* [Data for this task]:
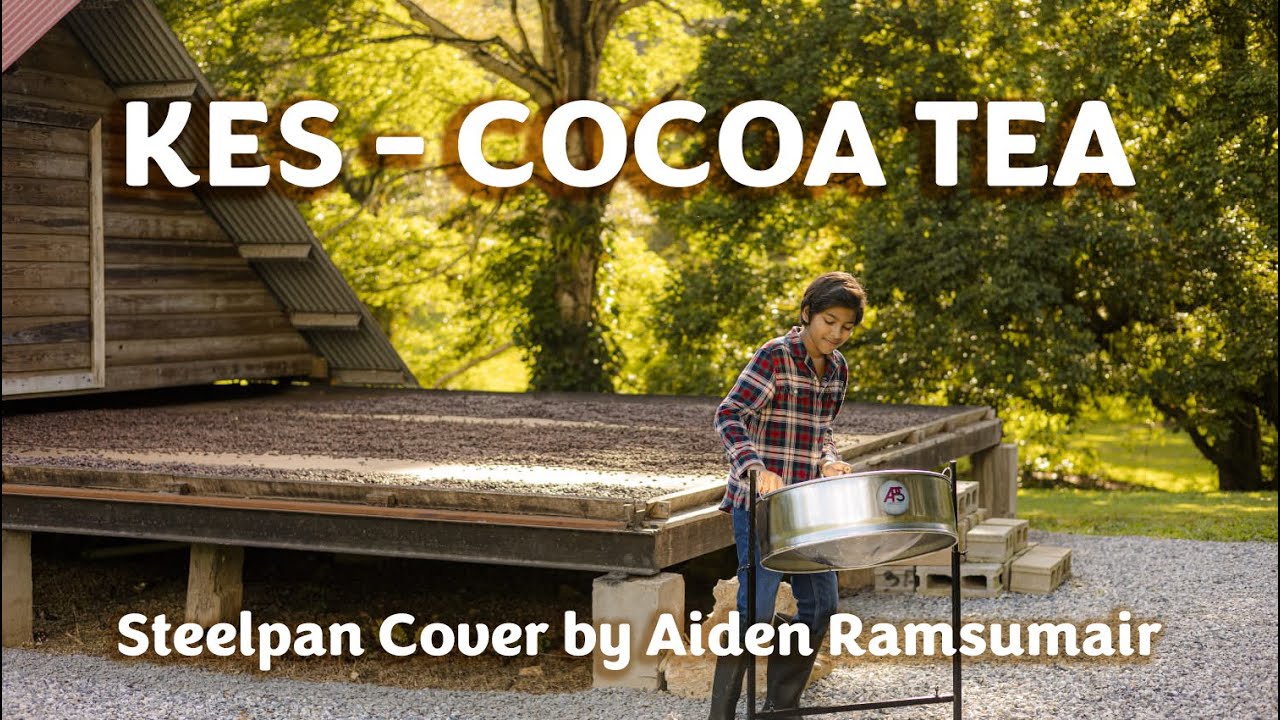 Kes - Cocoa Tea (Steelpan Cover by Aiden Ramsumair)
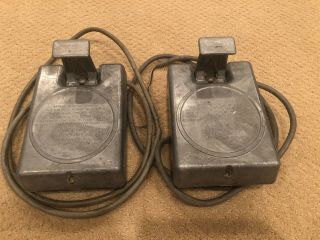 Vintage Drive - In Movie Speakers Star - Vu Longmont Colorado Reed Speaker Company 5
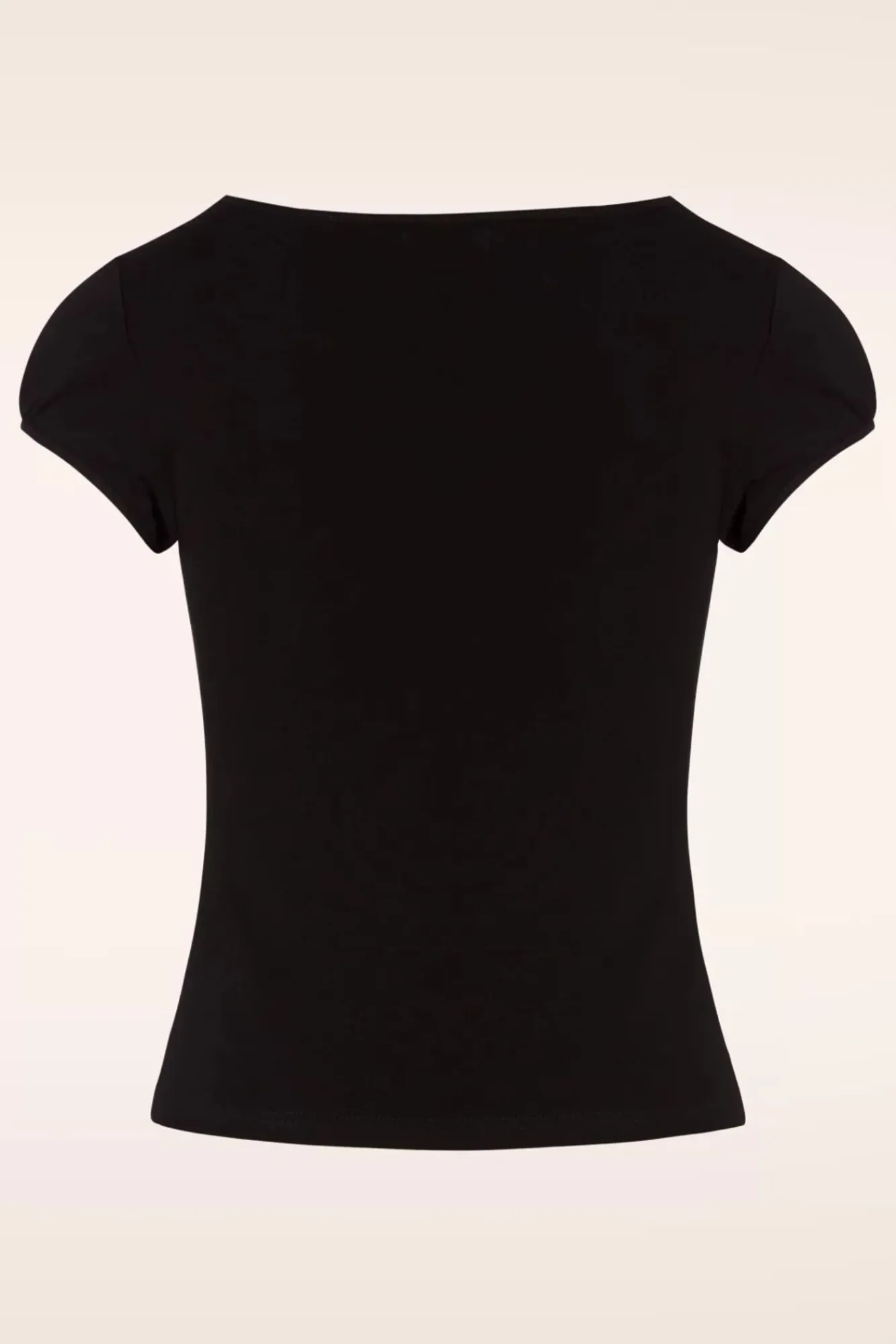 Clearance Mia Top In Zwart Vrouwen Tops
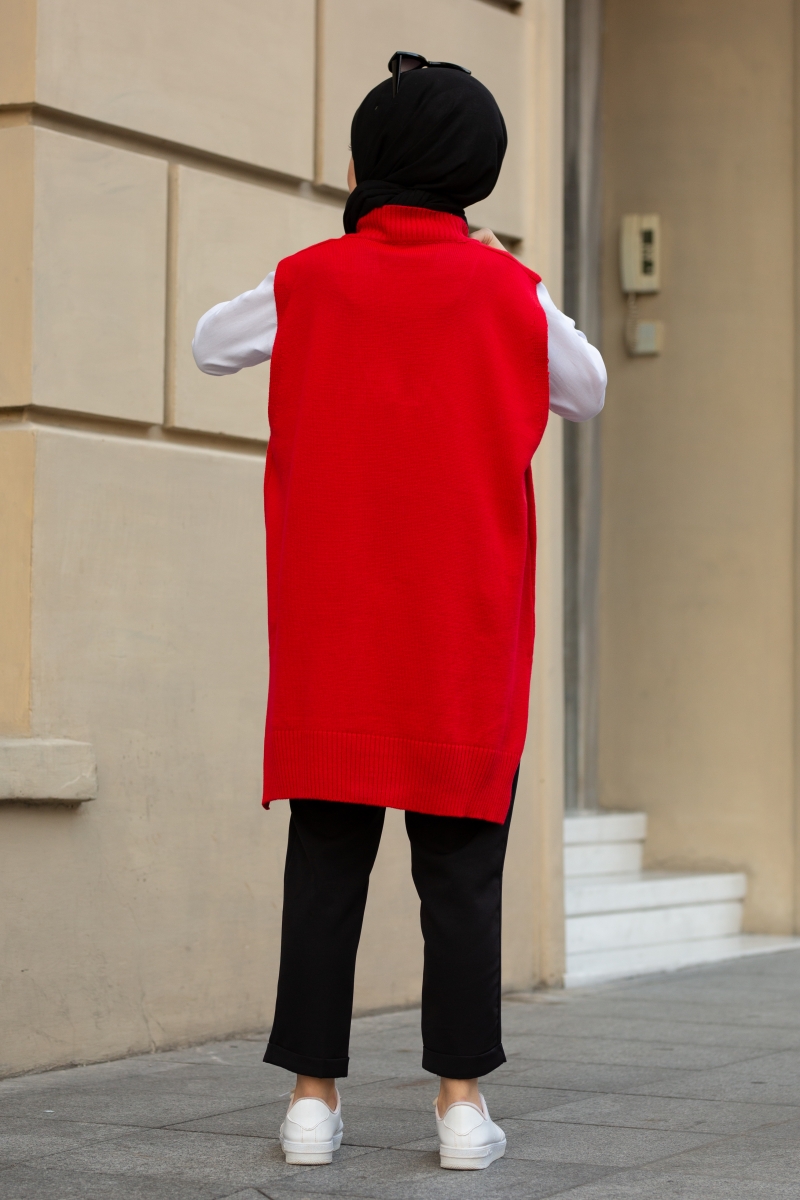 Osaka İkili Kırmızı Kombin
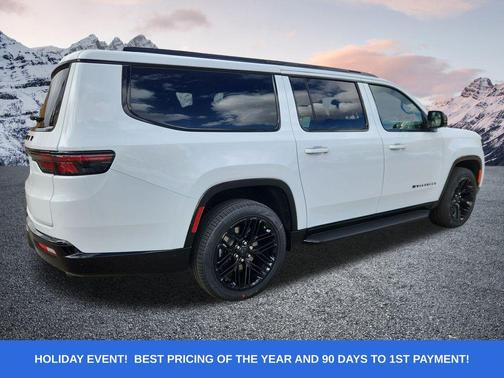 2025 Jeep Wagoneer L Series II Carbide 4x4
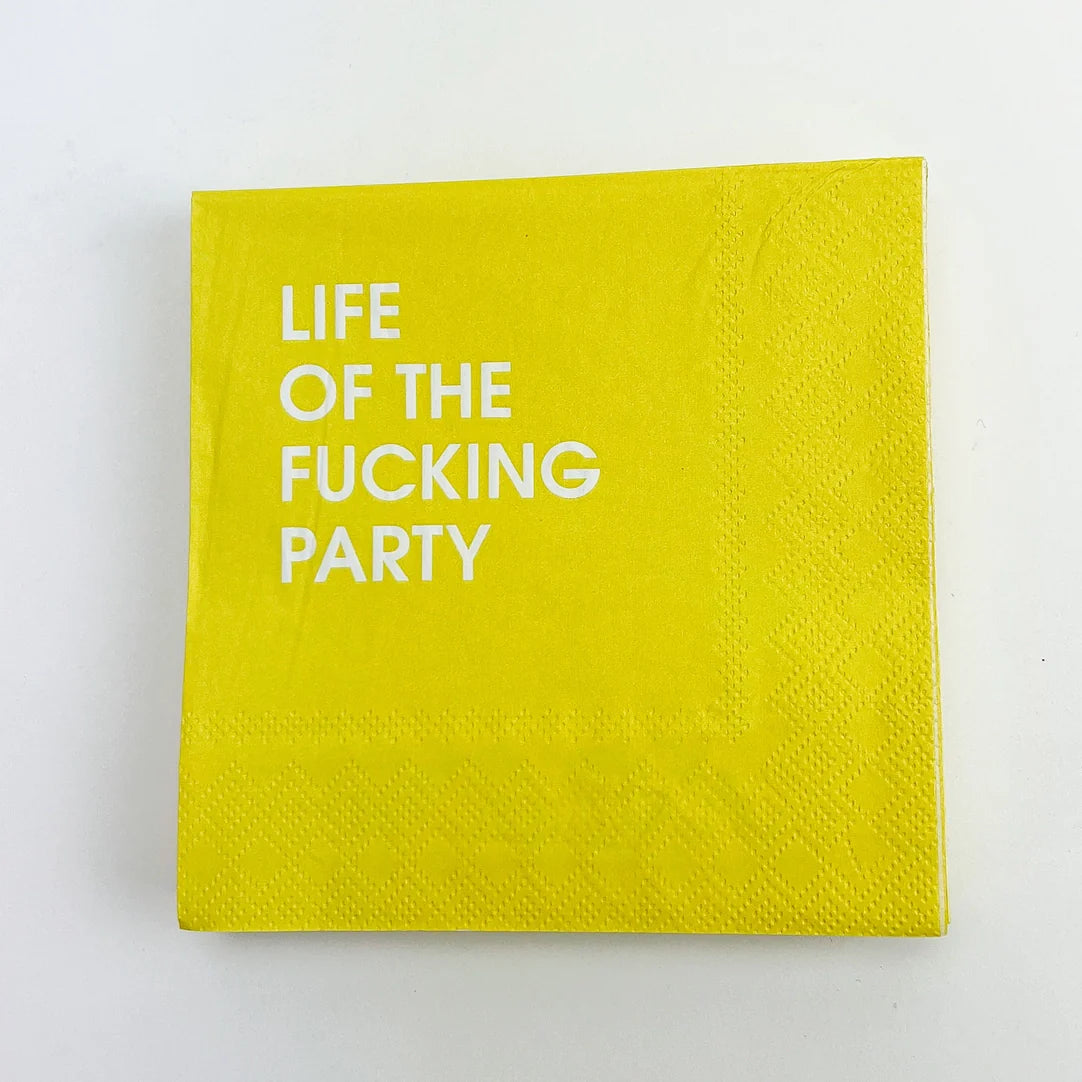 Life Of The Party Cocktail Napkins
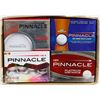 Image 1 : FLAT OF ASST PINNACLE RECLAIMED GOLF BALLS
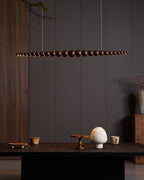Rardenora Wood Chandelier-Moonnatur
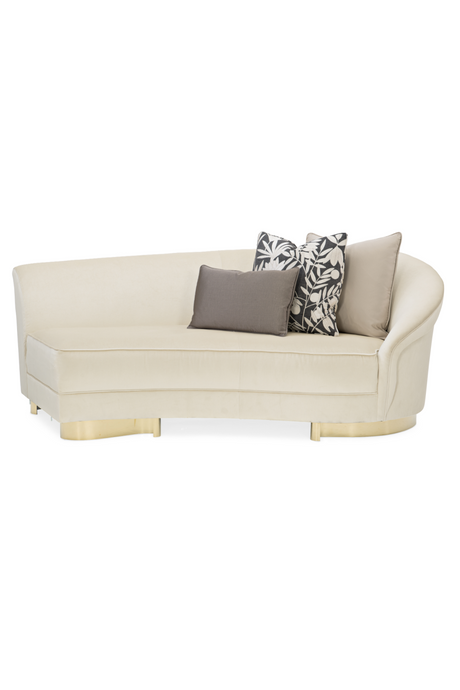  Curved Modern Sectional Sofa | Oroa.com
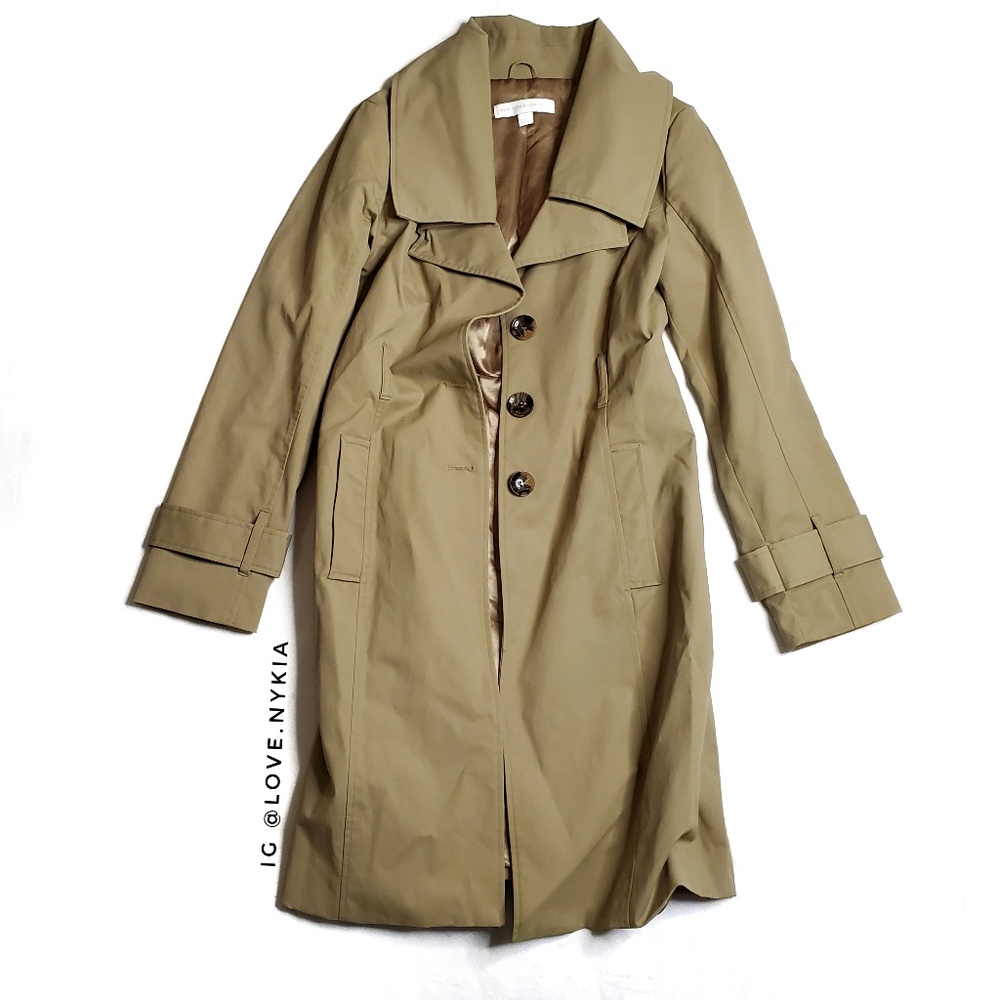 Khaki Trench Coat
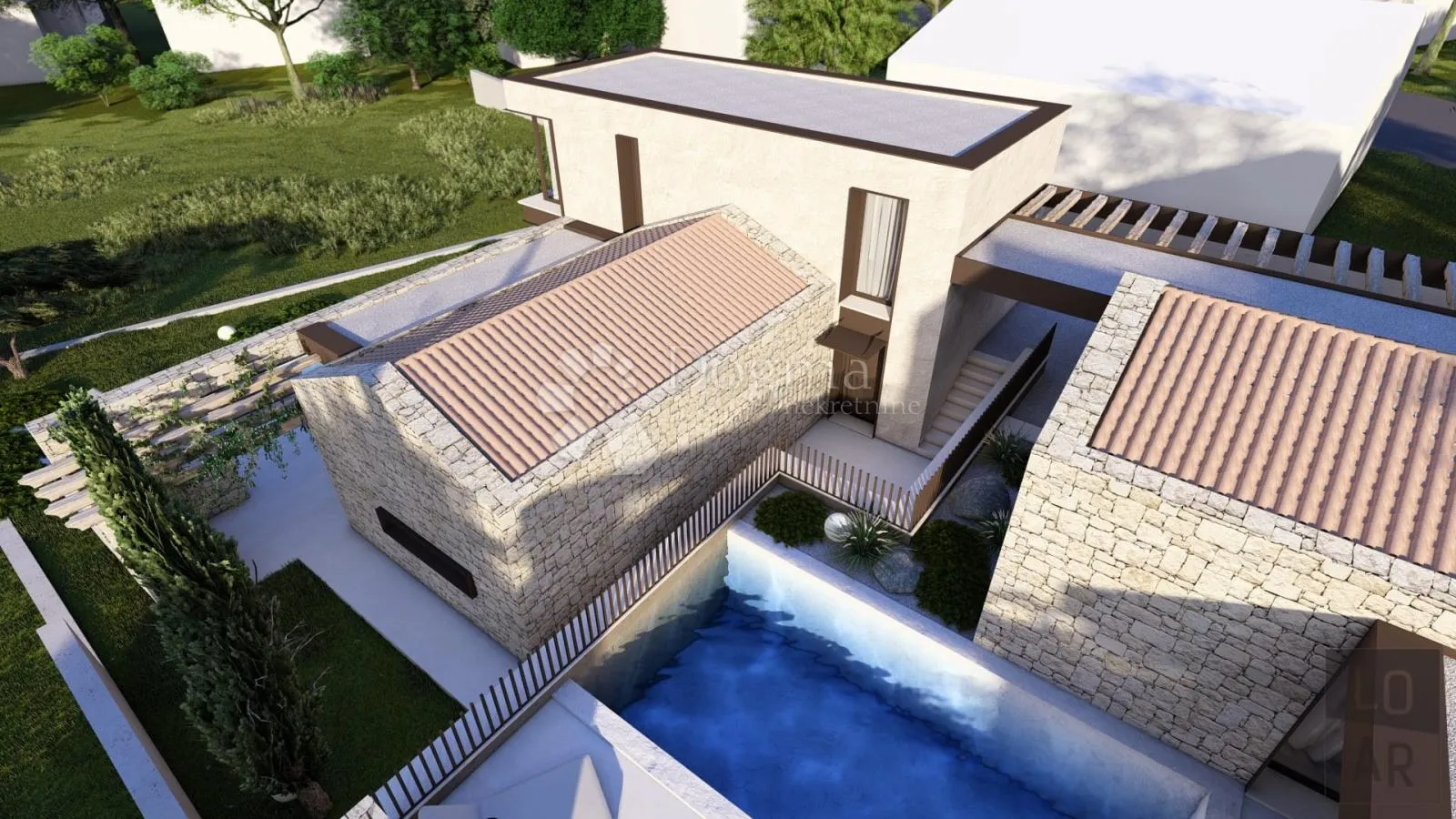 novigrad okolica, luksuzna vila s 3 spavaće sobe i bazenom - slika 18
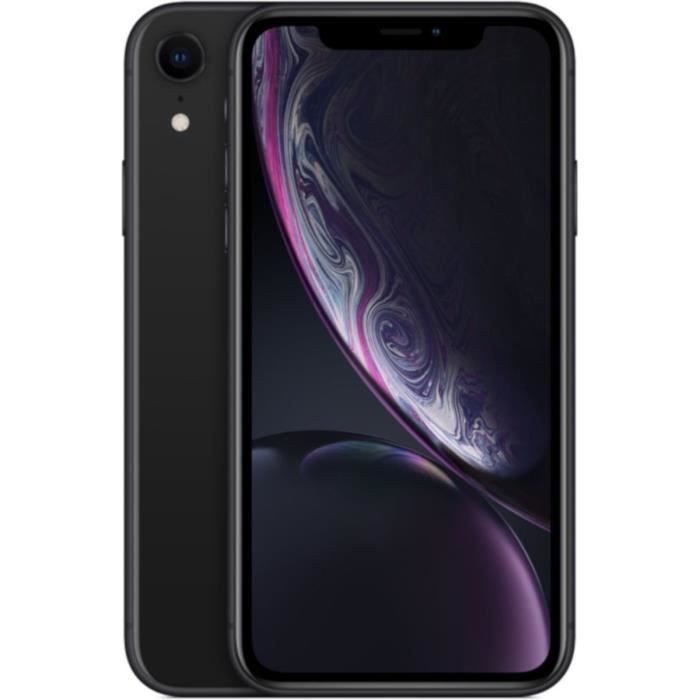 Smartphone Iphone XR 128Go Noir - Photo 1 sur 1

* [About this task]:
Leaving out all pictures, repeat word for word the lines from the one containing "Clearance Mia Top In Zwart Vrouwen Tops" through the final line of the material above.

* [Answer box]:
 Clearance Mia Top In Zwart Vrouwen Tops
 Osaka İkili Kırmızı Kombin
 2025 Jeep Wagoneer L Series II Carbide 4x4
 Life Of The Party Cocktail Napkins
 Image 1 : FLAT OF ASST PINNACLE RECLAIMED GOLF BALLS
Rardenora Wood Chandelier-Moonnatur
  Curved Modern Sectional Sofa | Oroa.com
 Khaki Trench Coat
 novigrad okolica, luksuzna vila s 3 spavaće sobe i bazenom - slika 18
 Smartphone Iphone XR 128Go Noir - Photo 1 sur 1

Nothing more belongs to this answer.